__Exercise brief__
In the records below, find the line with "Tappa 14 Schema" and the line with "Royal Golden Cake"; return exactly those lines and every line between them.

(Recorded data)
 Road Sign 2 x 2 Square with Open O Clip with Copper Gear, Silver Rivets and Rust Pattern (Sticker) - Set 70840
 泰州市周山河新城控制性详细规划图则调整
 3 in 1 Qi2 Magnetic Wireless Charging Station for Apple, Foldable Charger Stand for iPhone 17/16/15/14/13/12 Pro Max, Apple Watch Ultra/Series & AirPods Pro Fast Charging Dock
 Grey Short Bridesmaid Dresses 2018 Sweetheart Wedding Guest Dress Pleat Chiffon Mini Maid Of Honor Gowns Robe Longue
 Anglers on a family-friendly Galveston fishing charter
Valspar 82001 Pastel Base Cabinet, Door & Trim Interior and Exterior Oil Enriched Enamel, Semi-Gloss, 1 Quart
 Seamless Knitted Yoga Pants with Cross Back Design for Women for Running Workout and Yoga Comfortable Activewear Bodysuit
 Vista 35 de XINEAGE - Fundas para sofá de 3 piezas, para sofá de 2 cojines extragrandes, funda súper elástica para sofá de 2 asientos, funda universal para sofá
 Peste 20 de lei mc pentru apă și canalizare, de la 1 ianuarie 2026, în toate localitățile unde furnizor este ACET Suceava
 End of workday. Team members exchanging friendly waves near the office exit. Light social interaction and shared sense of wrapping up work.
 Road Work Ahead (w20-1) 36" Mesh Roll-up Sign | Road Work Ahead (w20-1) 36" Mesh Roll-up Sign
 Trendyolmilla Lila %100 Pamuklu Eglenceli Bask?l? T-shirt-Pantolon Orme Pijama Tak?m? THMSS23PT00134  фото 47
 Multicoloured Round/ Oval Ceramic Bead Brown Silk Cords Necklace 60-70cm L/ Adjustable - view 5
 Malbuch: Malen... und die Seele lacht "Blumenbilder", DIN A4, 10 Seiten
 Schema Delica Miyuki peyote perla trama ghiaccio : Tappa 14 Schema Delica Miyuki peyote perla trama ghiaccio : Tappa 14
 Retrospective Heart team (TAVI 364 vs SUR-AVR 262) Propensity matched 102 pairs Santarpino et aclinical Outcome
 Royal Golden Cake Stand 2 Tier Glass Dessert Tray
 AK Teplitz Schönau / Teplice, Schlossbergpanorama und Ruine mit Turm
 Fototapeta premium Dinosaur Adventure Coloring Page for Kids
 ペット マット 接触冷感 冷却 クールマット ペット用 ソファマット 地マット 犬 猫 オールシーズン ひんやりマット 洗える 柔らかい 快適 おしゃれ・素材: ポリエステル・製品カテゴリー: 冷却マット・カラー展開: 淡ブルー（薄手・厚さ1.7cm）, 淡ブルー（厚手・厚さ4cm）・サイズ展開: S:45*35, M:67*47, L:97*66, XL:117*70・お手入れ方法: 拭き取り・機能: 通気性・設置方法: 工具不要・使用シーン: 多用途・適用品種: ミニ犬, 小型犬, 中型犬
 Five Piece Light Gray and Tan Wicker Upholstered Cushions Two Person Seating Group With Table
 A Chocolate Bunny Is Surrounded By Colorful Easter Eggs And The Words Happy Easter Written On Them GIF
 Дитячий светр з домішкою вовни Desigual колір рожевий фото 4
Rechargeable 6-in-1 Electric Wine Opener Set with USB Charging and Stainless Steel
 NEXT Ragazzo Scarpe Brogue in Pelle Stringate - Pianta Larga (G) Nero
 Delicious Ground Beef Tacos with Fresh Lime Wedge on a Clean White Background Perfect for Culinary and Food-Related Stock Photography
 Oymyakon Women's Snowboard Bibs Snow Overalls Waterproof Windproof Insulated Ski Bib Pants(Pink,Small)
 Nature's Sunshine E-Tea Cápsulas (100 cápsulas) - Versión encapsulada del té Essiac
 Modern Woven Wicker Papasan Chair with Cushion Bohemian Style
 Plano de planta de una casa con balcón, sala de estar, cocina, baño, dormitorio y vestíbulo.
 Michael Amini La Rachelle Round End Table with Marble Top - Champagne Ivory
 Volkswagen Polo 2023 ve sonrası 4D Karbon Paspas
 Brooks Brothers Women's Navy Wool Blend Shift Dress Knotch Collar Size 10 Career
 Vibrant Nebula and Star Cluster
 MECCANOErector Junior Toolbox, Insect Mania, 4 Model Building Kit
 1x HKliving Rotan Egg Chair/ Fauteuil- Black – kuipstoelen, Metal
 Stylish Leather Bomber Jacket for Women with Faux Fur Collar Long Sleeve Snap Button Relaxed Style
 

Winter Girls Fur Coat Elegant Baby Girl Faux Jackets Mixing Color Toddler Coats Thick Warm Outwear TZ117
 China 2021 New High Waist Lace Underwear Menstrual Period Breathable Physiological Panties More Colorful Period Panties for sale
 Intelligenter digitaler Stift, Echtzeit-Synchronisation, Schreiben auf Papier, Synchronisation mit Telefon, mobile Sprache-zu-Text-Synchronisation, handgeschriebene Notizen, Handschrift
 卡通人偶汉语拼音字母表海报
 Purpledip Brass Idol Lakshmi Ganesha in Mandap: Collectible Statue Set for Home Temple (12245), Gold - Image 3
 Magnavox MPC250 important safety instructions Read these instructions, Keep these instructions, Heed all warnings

__The completed task__
 Schema Delica Miyuki peyote perla trama ghiaccio : Tappa 14 Schema Delica Miyuki peyote perla trama ghiaccio : Tappa 14
 Retrospective Heart team (TAVI 364 vs SUR-AVR 262) Propensity matched 102 pairs Santarpino et aclinical Outcome
 Royal Golden Cake Stand 2 Tier Glass Dessert Tray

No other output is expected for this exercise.